Attentif à ces détails, le peintre Jean-Marie Biwer se souvient: „Quand on était jeunes dans les années 1970, je vous assure qu’on était très hauts en couleurs. Les cheveux longs, les habits très colorés et la tête pleine d’idées.“ Il poursuit: „J’aime toujours un peu de couleur et de fantaisie dans les habits. Ce qui a changé, c’est un peu le style, au fil des années. Pour moi, un homme (une femme aussi) doit assumer son âge et s’habiller en fonction de cet âge. Un jeune de 17 ans en permanence en costume-cravate me semblerait vraiment un peu ennuyeux voire ridicule. Un homme de mon âge (65 ans) chaussé de baskets fluo et portant un jean troué me parait parfaitement ridicule. De là à bannir toute fantaisie des habits pour homme me semble triste, même si pour certains métiers ou emplois, cela est une obligation.“
Etre artiste offre des libertés. „En tant qu’artiste, j’ai toujours pu faire un peu à ma guise, donc j’ai toujours joui d’une certaine liberté qu’on n’a pas dans d’autres emplois/métiers. J’aime les couleurs et un léger côté excentrique, mais je n’aime pas la vulgarité. Il faut aussi prendre en considération de ce que l’on porte à quelle occasion.“
Le secteur du monde des nouvelles technologies a tourné la page du costume mais il n’a pas renoncé à la sobriété des couleurs tandis que le rejet de l’apparence y est poussé à l’extrême. Dans Dress codes, Richard Ford Thompson cite Mark Zuckerberg qui dit un jour ne pas vouloir dépenser d’énergie pour une activité aussi frivole que celle de s’habiller, qui l’empêcherait de faire son boulot. „Il est le nerd inconscient de lui-même trop occupé à designer obsessivement la technologie de demain pour s’occuper d’apparence“, constate le chercheur avant de s’inquiéter de l’existence de clubs comme le „Black V club“ spécialisé dans les tee-shirts en V noirs qui proposent à leurs clients de leur envoyer des vêtements uniformisés en leur assurant: „que les gens qui ont le plus de succès dans le monde ne passent pas de temps à choisir ce qu’ils portent“.

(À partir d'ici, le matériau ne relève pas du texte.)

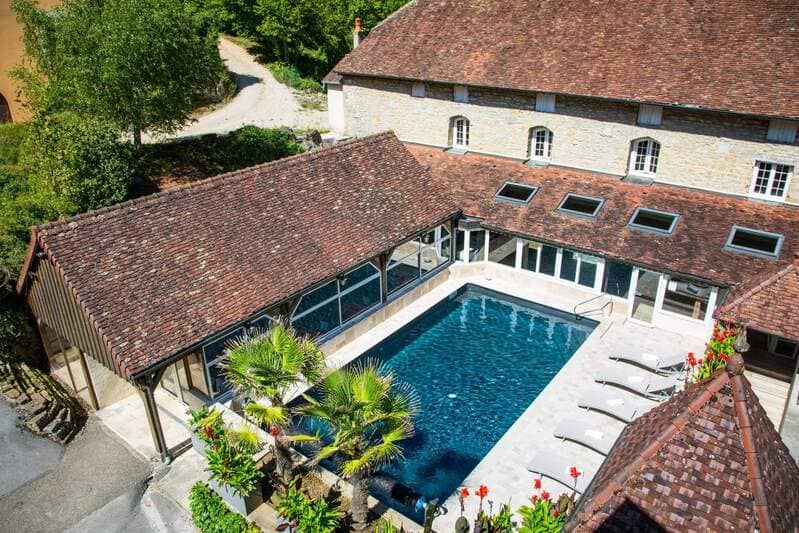 Piscine d'un hôtel restaurant-adeline PISCINES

Mais Zuckerberg aura bientôt 40 ans et la jeune génération, celle des millennials, dans les grandes métropoles semblent se désintéresser de ces codes vestimentaires. Il n’a que 27 ans, mais Charles Vincent constate déjà un fossé avec la nouvelle génération. „Ils mettent des trucs qu’on n’aurait jamais enfilés; ils sont cools. Tant sur les couleurs que les styles, j’ai l’impression qu’ils empruntent des codes vestimentaires du monde entier.“ Sortir du modèle occidental en matière de vêtements est le meilleur moyen pour reprendre tout des couleurs.